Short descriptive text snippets
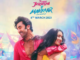 Tu Jhuthi Mein Makkar Movie Free Download Leaked in HD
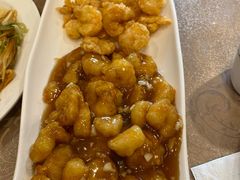 -福利来酒店(泺源大街店)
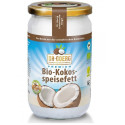 Kokosspeisefett - 1000ml - Dr. Goerg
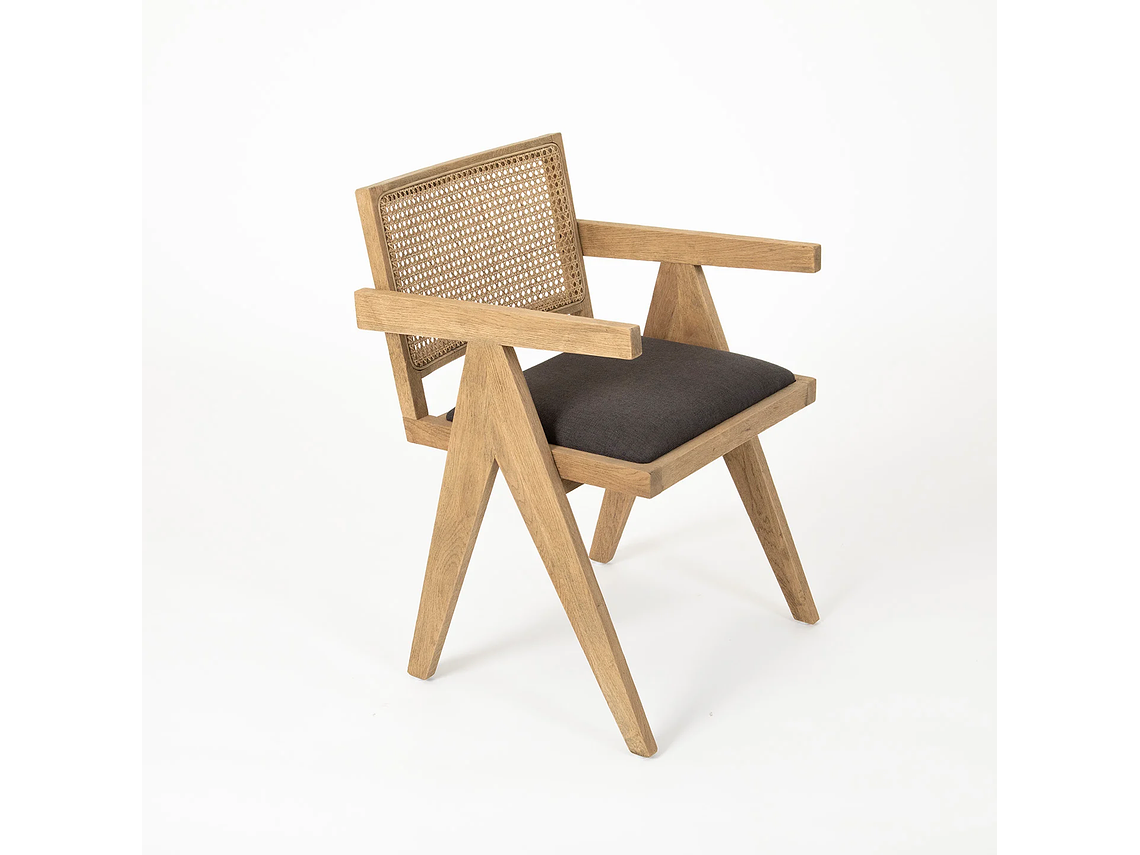  SILLON PIERRE OAK LIGHT 3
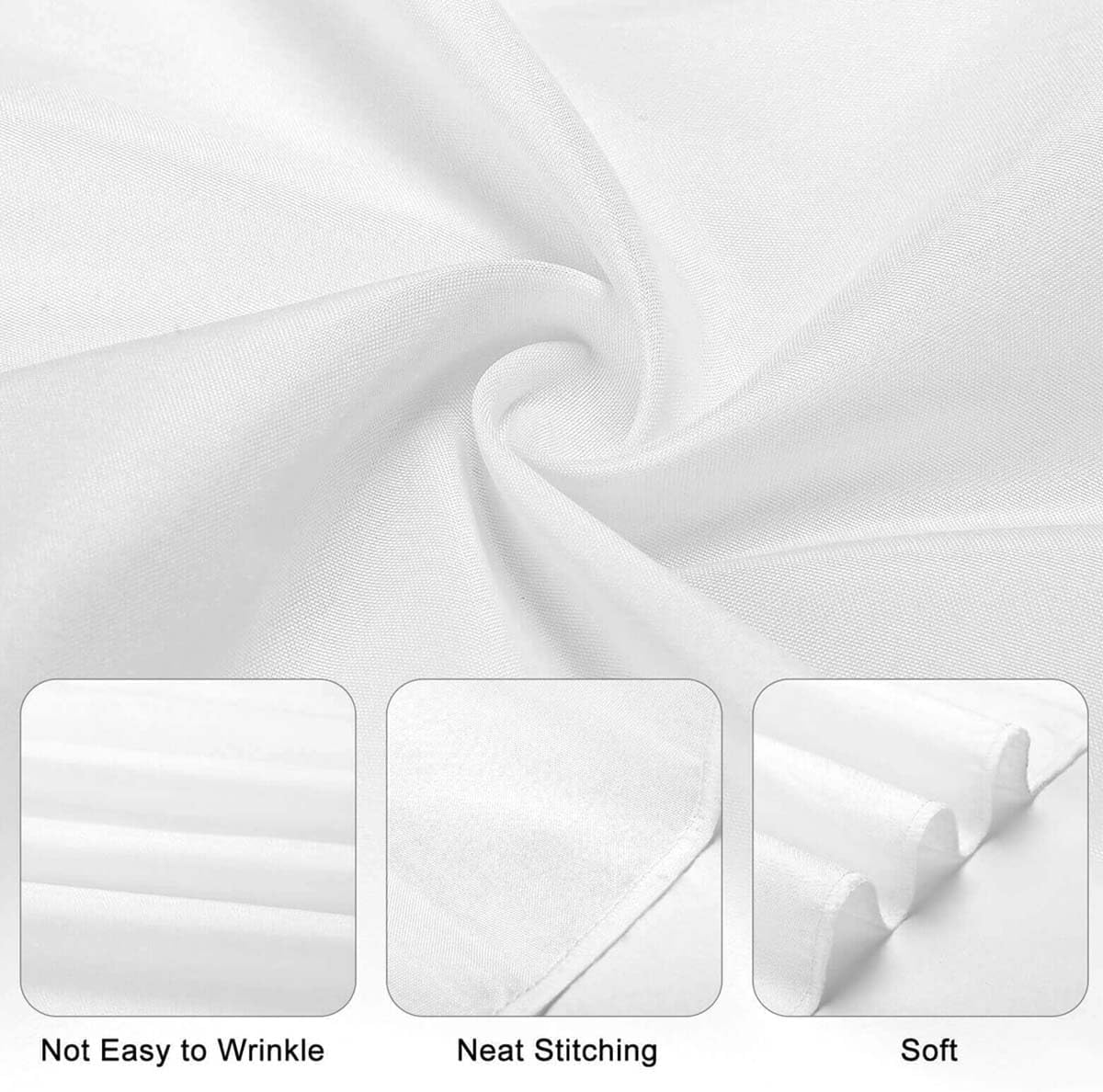 Canyon Tapestry For Bedroom Grand Canyon Arizona United States Of America Tapestries Wall Hanging For Living Room Dorm Office 90×60 In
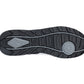Puma - MEN'S AIRTWIST LOW SAFETY WORK SHOES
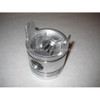 Order WESTERBEKE 19938 Piston Std 4-108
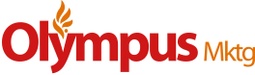 OLYMPUS MARKETING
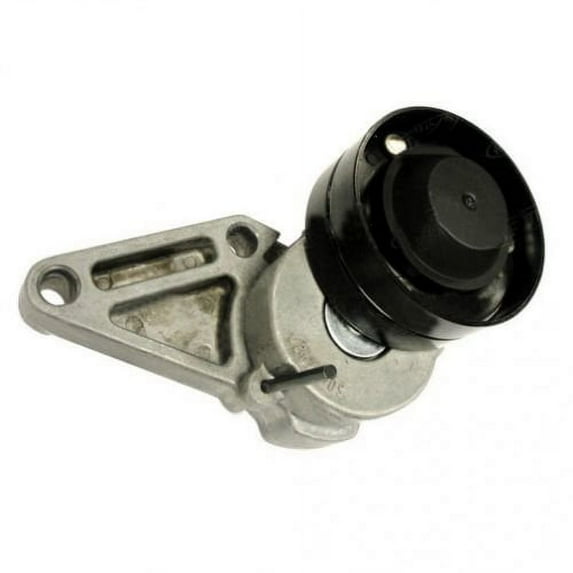 Belt Tensioner fits John Deere SE6100 SE6200 SE6300 SE6400 6100 6200 6200L 6300 6300L 6400 6400L 6500 6500L 6505 6506 6600 6800 6900 7500 AL110621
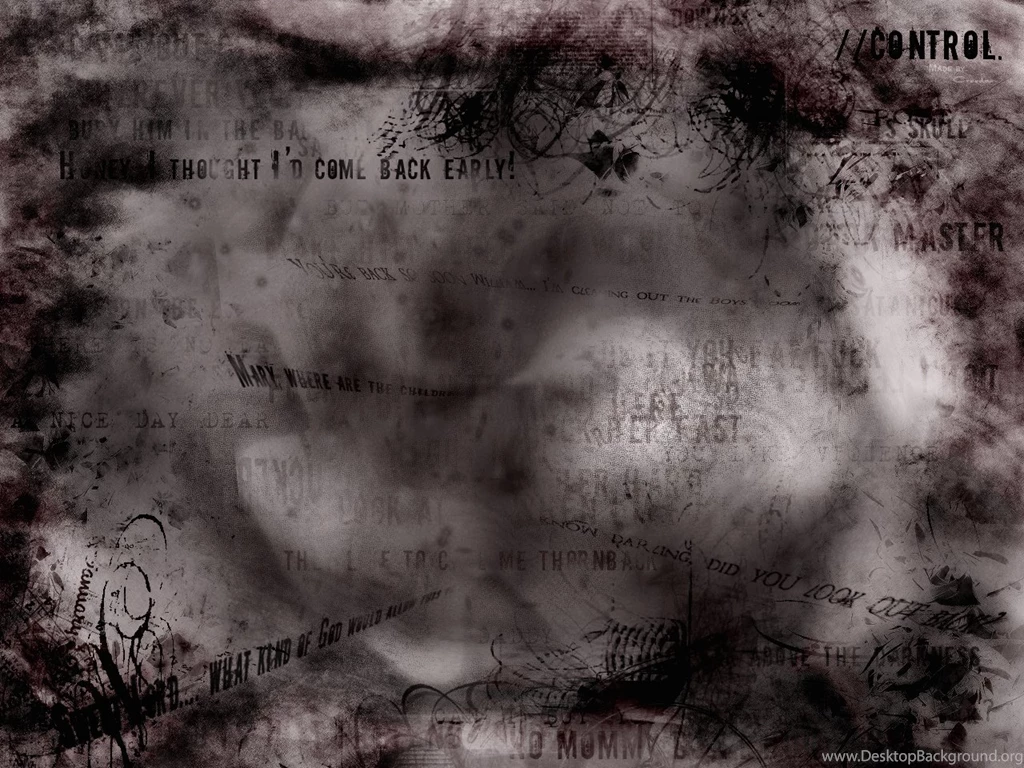 225 Gothic HD Wallpapers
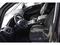 Prodm Audi S5 COUPE 4,2  V8 QUATTRO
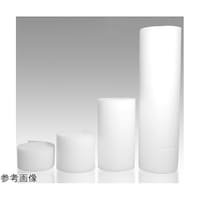 ���[���t�B���^�[�@���P�O�O�O�����@���݂P�O�D�V�����@�q�n�r�P�O�O�O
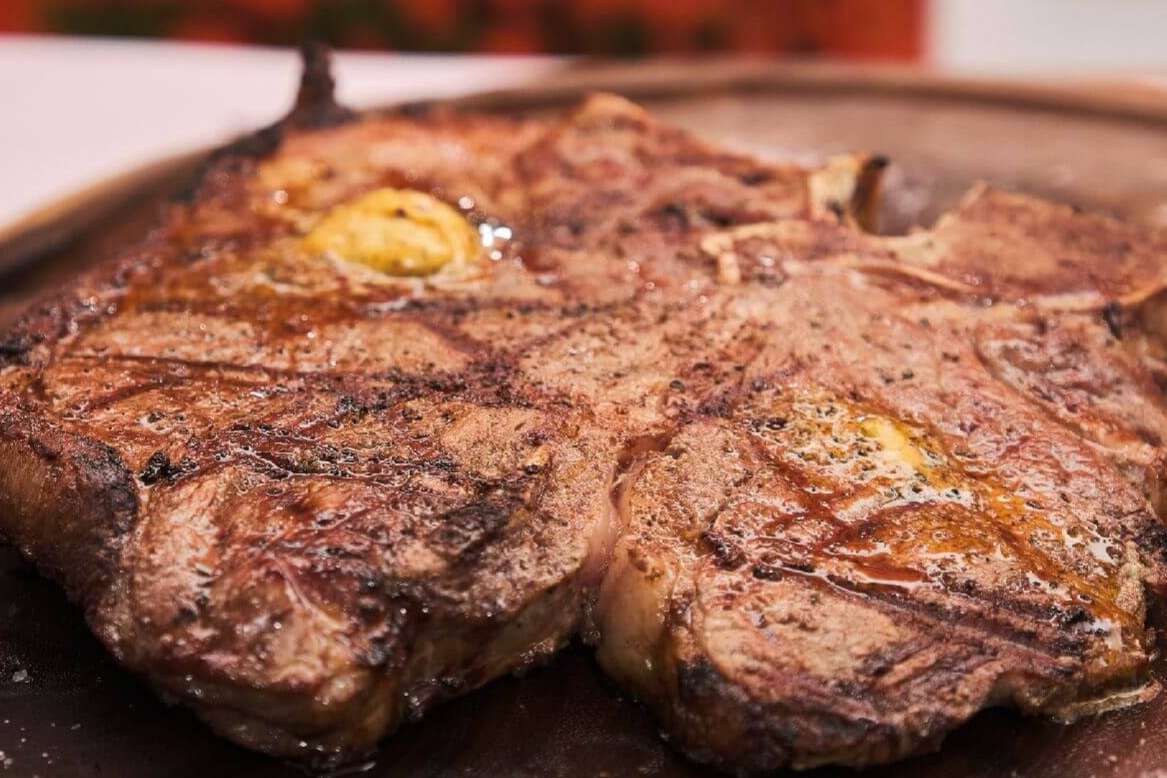 Palomulata ofrece parrilla boutique en Cali con cortes Angus certificados y ambiente de leyenda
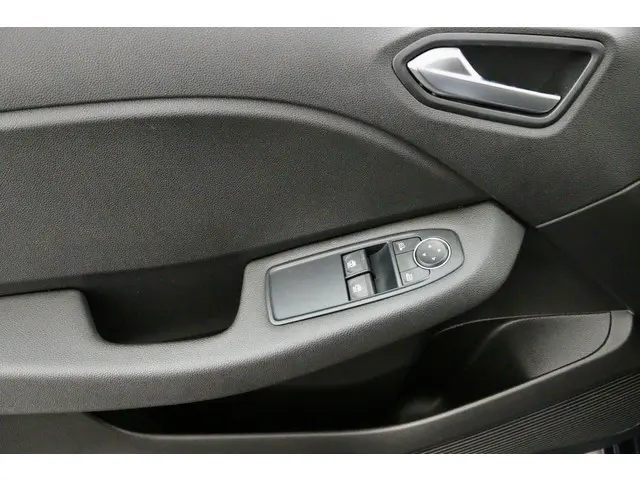 Renault Clio 1.0 TCe Zen antraciet 2022 Benzine 27
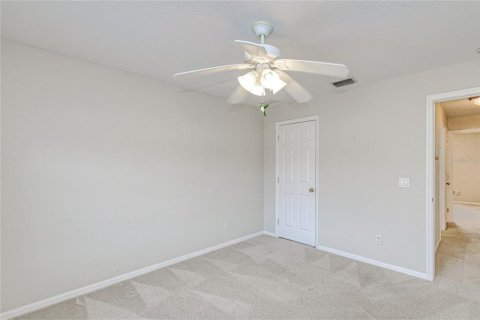 Villa ou maison à vendre à Punta Gorda, Floride: 3 chambres, 142.05 m2 № 1902822 - photo 30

* Try it
Your output is the lines from the top of the entries through the line containing "Palomulata ofrece parrilla", exactly as they stand. No pictures belong in it.

* Answer to this task
 Tu Jhuthi Mein Makkar Movie Free Download Leaked in HD
 -福利来酒店(泺源大街店)
 Kokosspeisefett - 1000ml - Dr. Goerg
  SILLON PIERRE OAK LIGHT 3
 Canyon Tapestry For Bedroom Grand Canyon Arizona United States Of America Tapestries Wall Hanging For Living Room Dorm Office 90×60 In
Puma - MEN'S AIRTWIST LOW SAFETY WORK SHOES
 Order WESTERBEKE 19938 Piston Std 4-108
 OLYMPUS MARKETING
 Belt Tensioner fits John Deere SE6100 SE6200 SE6300 SE6400 6100 6200 6200L 6300 6300L 6400 6400L 6500 6500L 6505 6506 6600 6800 6900 7500 AL110621
 225 Gothic HD Wallpapers
 Prodm Audi S5 COUPE 4,2  V8 QUATTRO
 ���[���t�B���^�[�@���P�O�O�O�����@���݂P�O�D�V�����@�q�n�r�P�O�O�O
 Palomulata ofrece parrilla boutique en Cali con cortes Angus certificados y ambiente de leyenda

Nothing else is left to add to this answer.